■ EXERCISE OBJECTIVE
Apart from the images, repeat the data below exactly as written.

■ DATA FOR THIS EXERCISE
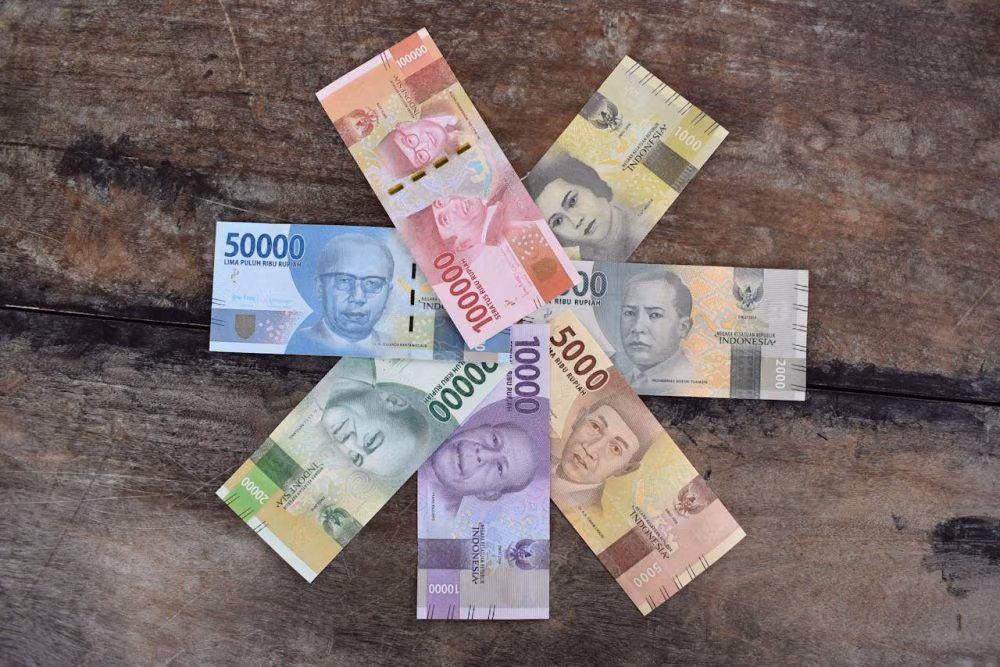 Rupiah Tembus Rp18.000 per Dolar: Siapa yang Paling Tertekan?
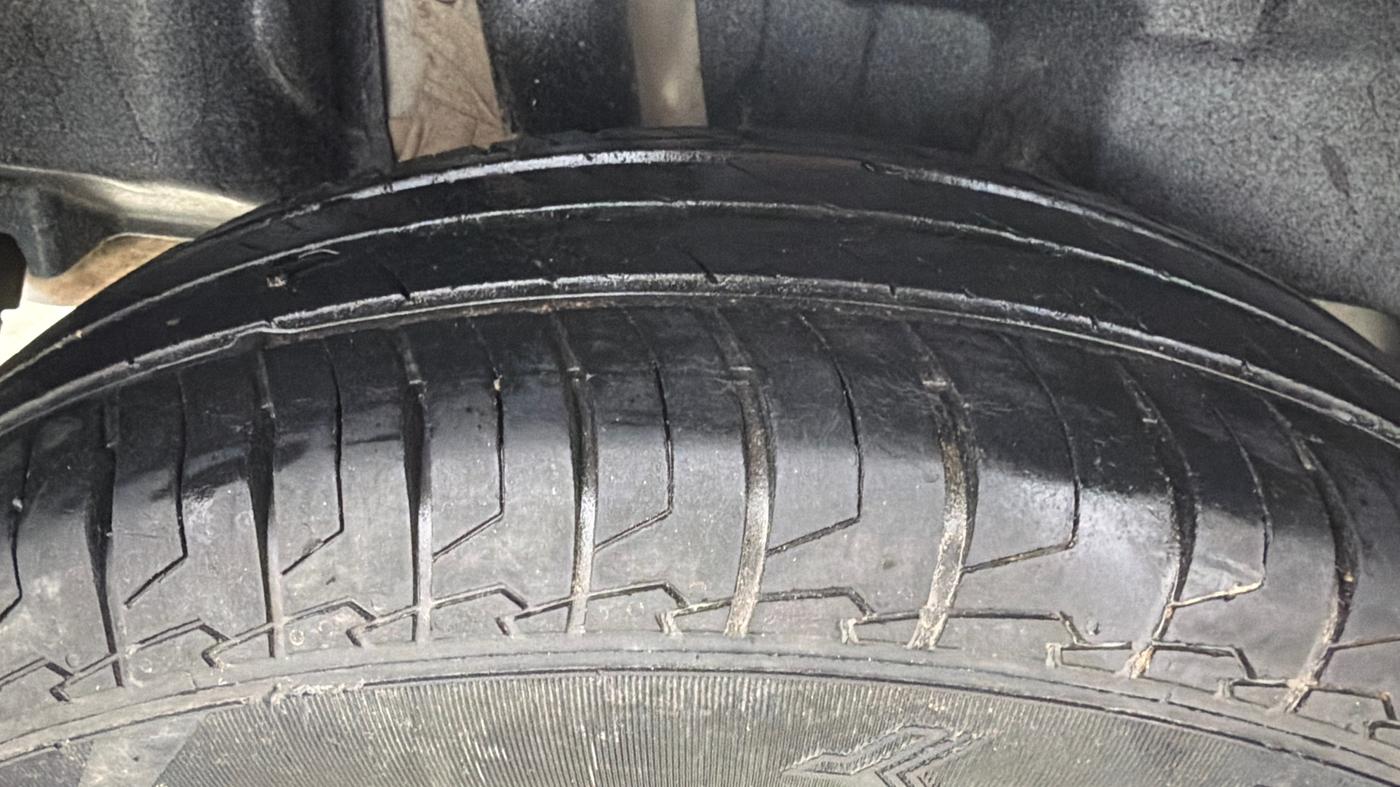 2022 Maruti Swift LXI, Petrol, Manual, 38,115 km, Right Rear Tyre Tread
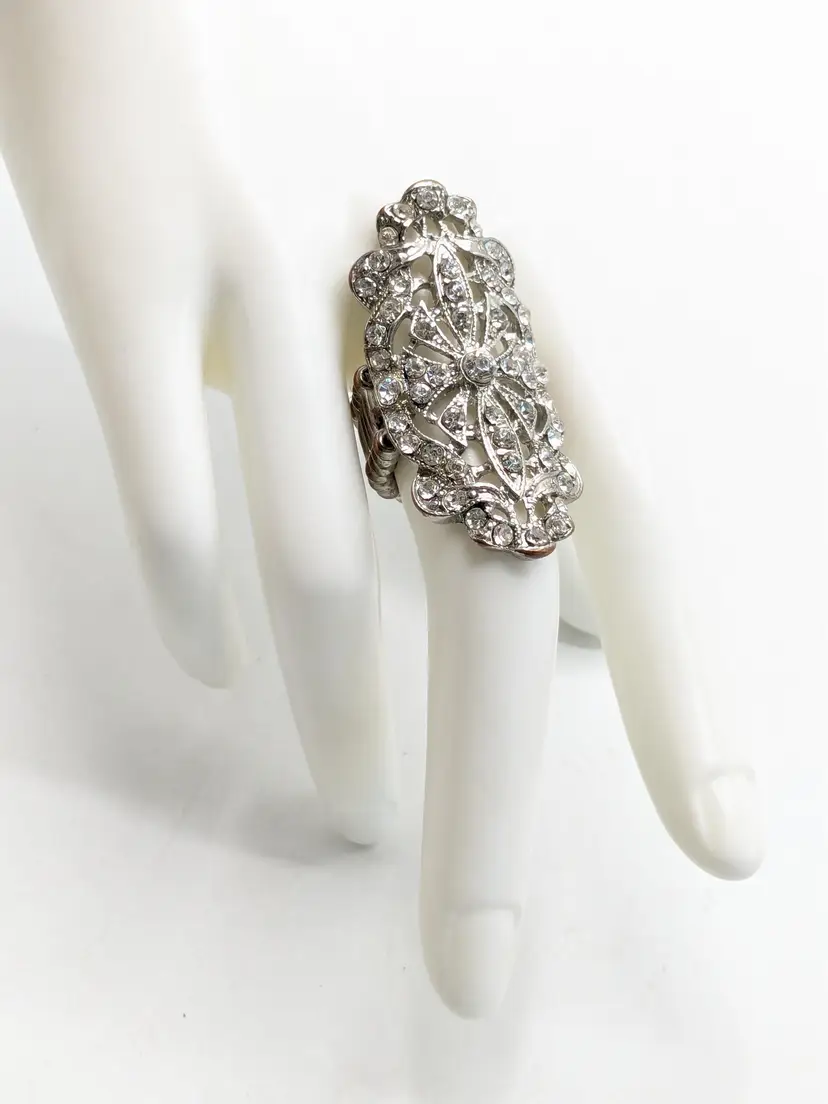 Silver Tone Stretch Fashion Ring with Rhinestone Bling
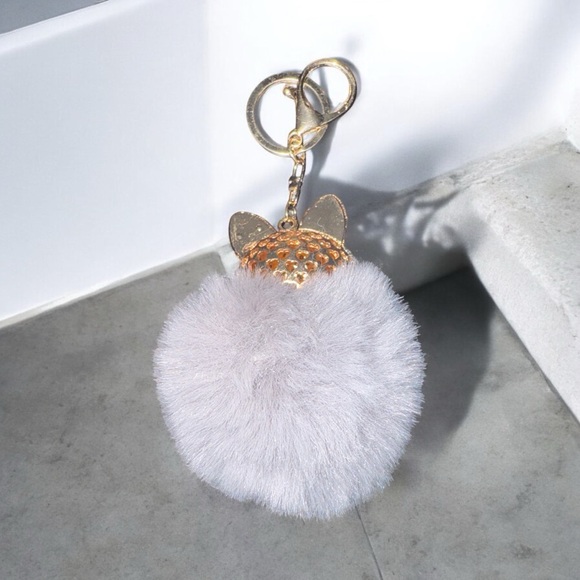 Fox Fur Ball with Artificial Fox Head Inlay Pearl Rhinestone Key/Bag Charm NWT - Picture 9 of 12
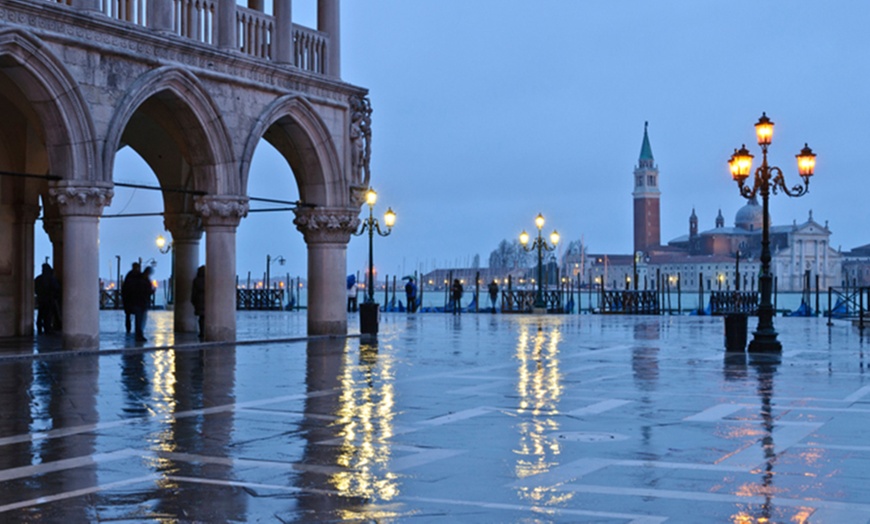 Image 8: Venezia: fino a 3 notti con colazione e ingresso al Casinò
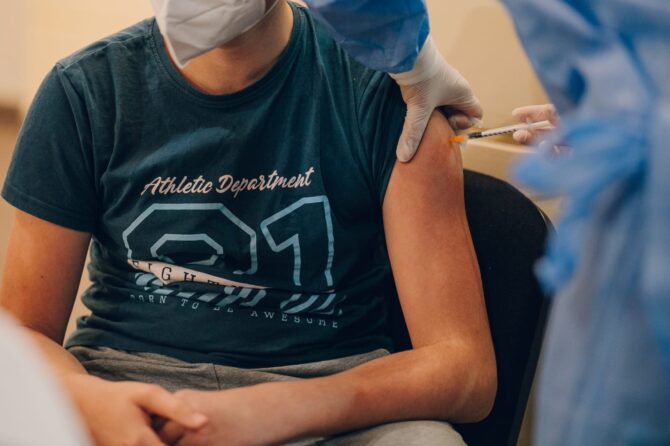 330 de persoane s-au vaccinat în weekend la Sala Thalia, la “Maratonul Vaccinării”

■ RESPONSE BOX
 Rupiah Tembus Rp18.000 per Dolar: Siapa yang Paling Tertekan?
 2022 Maruti Swift LXI, Petrol, Manual, 38,115 km, Right Rear Tyre Tread
 Silver Tone Stretch Fashion Ring with Rhinestone Bling
 Fox Fur Ball with Artificial Fox Head Inlay Pearl Rhinestone Key/Bag Charm NWT - Picture 9 of 12
 Image 8: Venezia: fino a 3 notti con colazione e ingresso al Casinò
 330 de persoane s-au vaccinat în weekend la Sala Thalia, la “Maratonul Vaccinării”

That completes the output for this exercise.